Metalearning: Learning to learn by gradient descent by gradient descent

So I read the Learning to learn paper a while ago, and I was surprised that the Decoupled Neural Interfaces paper didn’t cite them. For me the ideas are pretty close, where you try to predict the gradient used in each step of gradient descent, instead of computing it by backpropagation. Taking into account that they are all from DeepMind, won’t it be nice to cite each other and increase the impact factors for both of them?

Nevertheless, I enjoyed the paper. The key idea is instead of doing a normal update \theta_{t+1} = \theta_{t} - \alpha_t \nabla f\left(\theta_t\right), we do it as \theta_{t+1} = \theta_{t} + g_t\left(\nabla f\left(\theta_t\right), \phi\right) where g_t is some function parameterized by \phi.
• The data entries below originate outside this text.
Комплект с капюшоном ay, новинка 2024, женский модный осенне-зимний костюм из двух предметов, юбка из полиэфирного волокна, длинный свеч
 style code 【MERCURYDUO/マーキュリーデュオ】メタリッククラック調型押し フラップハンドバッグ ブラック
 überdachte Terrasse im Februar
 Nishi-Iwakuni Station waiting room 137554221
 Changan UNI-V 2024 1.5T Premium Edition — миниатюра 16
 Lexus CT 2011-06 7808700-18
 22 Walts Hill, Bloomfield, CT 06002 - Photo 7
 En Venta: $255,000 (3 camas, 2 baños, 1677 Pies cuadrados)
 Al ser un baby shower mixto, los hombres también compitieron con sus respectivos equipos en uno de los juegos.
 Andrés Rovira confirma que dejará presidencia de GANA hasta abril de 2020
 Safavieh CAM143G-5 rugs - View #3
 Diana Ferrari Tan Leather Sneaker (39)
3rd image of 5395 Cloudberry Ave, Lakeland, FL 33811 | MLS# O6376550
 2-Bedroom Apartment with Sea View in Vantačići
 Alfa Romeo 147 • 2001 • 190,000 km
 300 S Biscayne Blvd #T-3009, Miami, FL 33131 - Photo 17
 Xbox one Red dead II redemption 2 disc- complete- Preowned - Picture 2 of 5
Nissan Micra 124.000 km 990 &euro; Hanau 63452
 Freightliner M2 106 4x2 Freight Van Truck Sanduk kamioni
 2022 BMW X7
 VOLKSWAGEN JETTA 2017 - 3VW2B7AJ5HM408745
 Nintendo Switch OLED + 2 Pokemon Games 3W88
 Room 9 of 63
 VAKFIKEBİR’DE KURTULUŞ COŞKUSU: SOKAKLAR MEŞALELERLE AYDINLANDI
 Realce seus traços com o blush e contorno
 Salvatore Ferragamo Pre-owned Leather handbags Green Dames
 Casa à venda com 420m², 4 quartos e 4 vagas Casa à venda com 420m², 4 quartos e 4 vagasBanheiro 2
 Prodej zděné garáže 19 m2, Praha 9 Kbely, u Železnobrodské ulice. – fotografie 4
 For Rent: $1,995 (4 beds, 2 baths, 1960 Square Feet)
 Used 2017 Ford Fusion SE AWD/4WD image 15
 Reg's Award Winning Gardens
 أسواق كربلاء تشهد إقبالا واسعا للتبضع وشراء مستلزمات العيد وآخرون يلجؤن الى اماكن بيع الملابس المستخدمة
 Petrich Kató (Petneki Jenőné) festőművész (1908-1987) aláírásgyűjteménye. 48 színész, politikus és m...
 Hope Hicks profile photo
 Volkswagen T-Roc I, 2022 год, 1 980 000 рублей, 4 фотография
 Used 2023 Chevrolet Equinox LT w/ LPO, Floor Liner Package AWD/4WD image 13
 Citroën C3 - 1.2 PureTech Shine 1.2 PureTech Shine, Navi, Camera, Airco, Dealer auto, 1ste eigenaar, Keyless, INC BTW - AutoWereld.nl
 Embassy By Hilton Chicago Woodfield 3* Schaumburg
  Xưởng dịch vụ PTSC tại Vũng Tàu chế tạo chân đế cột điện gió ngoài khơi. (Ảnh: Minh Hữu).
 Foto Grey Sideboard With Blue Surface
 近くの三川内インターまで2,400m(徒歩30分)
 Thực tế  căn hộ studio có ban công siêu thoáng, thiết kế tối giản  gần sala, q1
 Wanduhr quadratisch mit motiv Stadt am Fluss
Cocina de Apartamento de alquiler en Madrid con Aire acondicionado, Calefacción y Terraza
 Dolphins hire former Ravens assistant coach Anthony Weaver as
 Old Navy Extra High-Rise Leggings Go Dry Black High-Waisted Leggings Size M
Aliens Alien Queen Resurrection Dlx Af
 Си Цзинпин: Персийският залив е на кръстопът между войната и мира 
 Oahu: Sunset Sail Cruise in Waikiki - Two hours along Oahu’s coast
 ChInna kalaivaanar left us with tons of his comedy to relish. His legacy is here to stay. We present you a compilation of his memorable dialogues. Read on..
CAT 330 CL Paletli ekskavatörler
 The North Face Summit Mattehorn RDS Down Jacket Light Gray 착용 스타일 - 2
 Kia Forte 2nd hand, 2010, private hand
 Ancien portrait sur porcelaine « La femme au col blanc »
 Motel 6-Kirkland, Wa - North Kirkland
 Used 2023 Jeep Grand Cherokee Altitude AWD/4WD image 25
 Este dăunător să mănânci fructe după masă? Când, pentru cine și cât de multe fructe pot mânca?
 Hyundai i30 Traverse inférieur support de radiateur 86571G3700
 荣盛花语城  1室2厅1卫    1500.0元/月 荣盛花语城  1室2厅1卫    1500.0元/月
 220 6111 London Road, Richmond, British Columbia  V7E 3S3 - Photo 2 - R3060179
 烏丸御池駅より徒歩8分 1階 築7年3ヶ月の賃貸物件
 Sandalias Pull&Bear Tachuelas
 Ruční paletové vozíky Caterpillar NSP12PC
Now one can use any function approximator for g_t (called optimizer, to differentiate with f\left(\theta\right) – the optimizee), but using RNNs has a particular interesting intuition as we hope that the RNNs can remember the gradient history and mimic the behavior of, for instance, momentum.

The convenient thing about this framework is that the objective function for training the optimizer is the expected weighted sum of the output of the optimizee f\left(\theta\right). Apart from this main idea, everything else is nuts and bolts, which of course are equivalently important.

The first obstacle that they had to solve is how to deal with big models of perhaps millions of parameters. In such cases, g_t has to input and output vector of millions of dimensions. Instead, the authors solved this problem very nicely by only working with one parameter at a time, i.e. the optimizer only takes as input one element of the gradient vector and output the update for that element. However, since the optimizer is a LSTM, the state of the gradient coordinates are maintained separately. This also has a nice side effect that  it reduces the size of the optimizer, and you can potentially re-use the optimizer for different optimizees.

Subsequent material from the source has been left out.